### DATA BLOCK
********

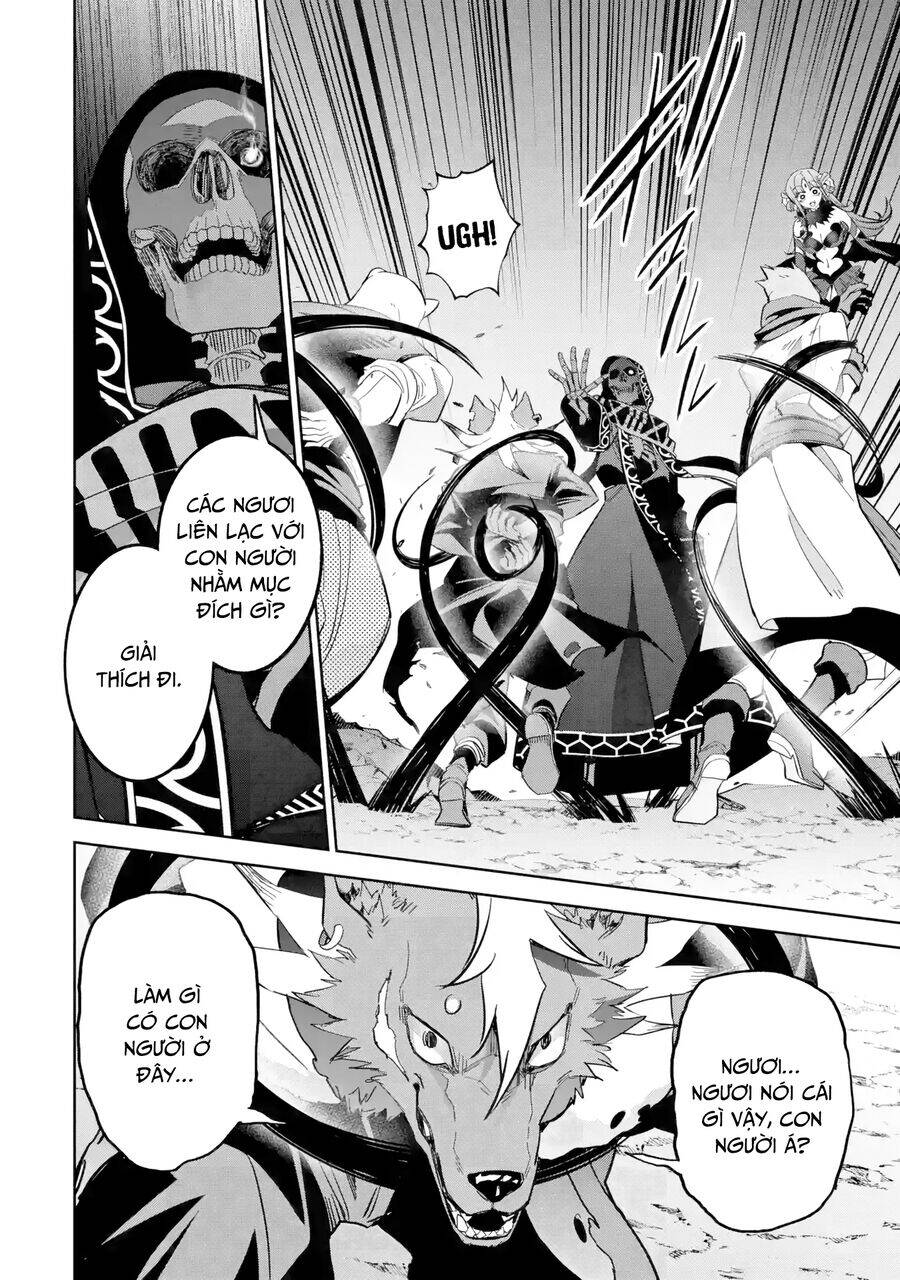 Shokei Sareta Kenja Wa Lich Ni Tensei Shite Shinryaku Sensou Wo Hajimaru Chap 42 - Next Chap 43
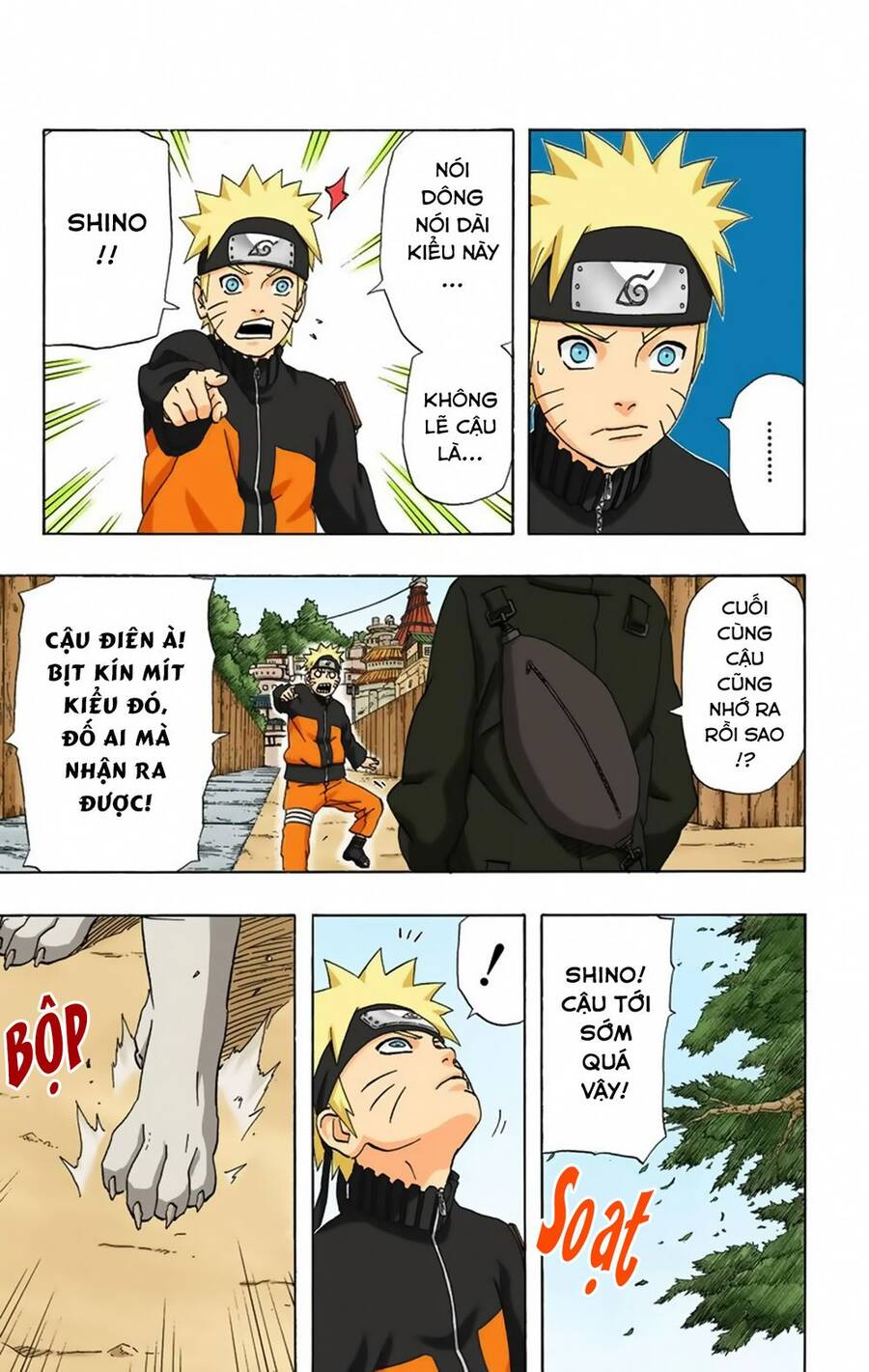 Naruto Full Màu Chapter 282 - Trang 2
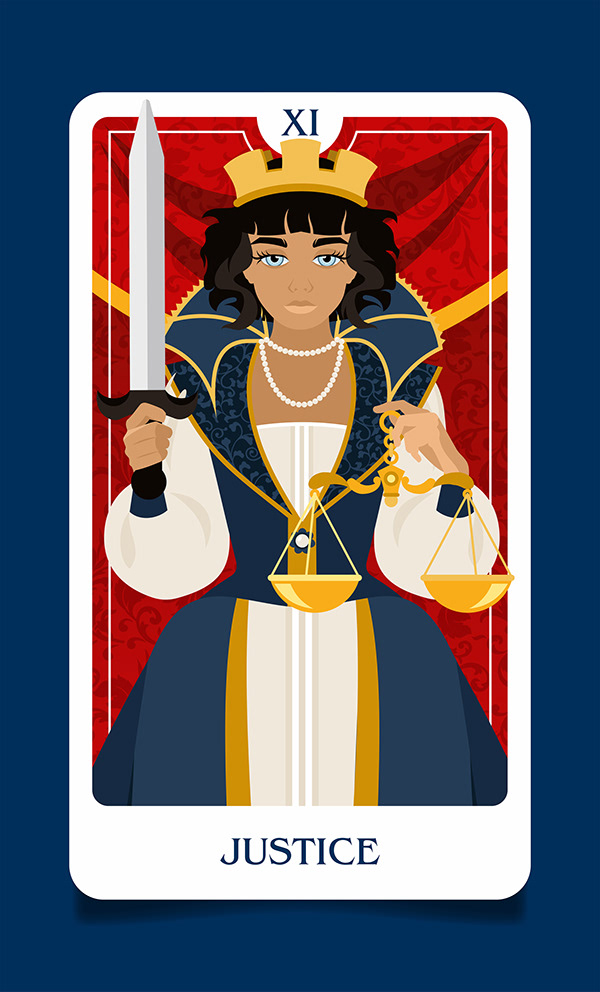 Карты TARO. Старшие арканы — Изображение №14 — Иллюстрация на Dprofile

********

### WHAT IS REQUIRED
Return the material exactly as given, apart from the pictures.

### EXPECTED ANSWER
 Shokei Sareta Kenja Wa Lich Ni Tensei Shite Shinryaku Sensou Wo Hajimaru Chap 42 - Next Chap 43
 Naruto Full Màu Chapter 282 - Trang 2
 Карты TARO. Старшие арканы — Изображение №14 — Иллюстрация на Dprofile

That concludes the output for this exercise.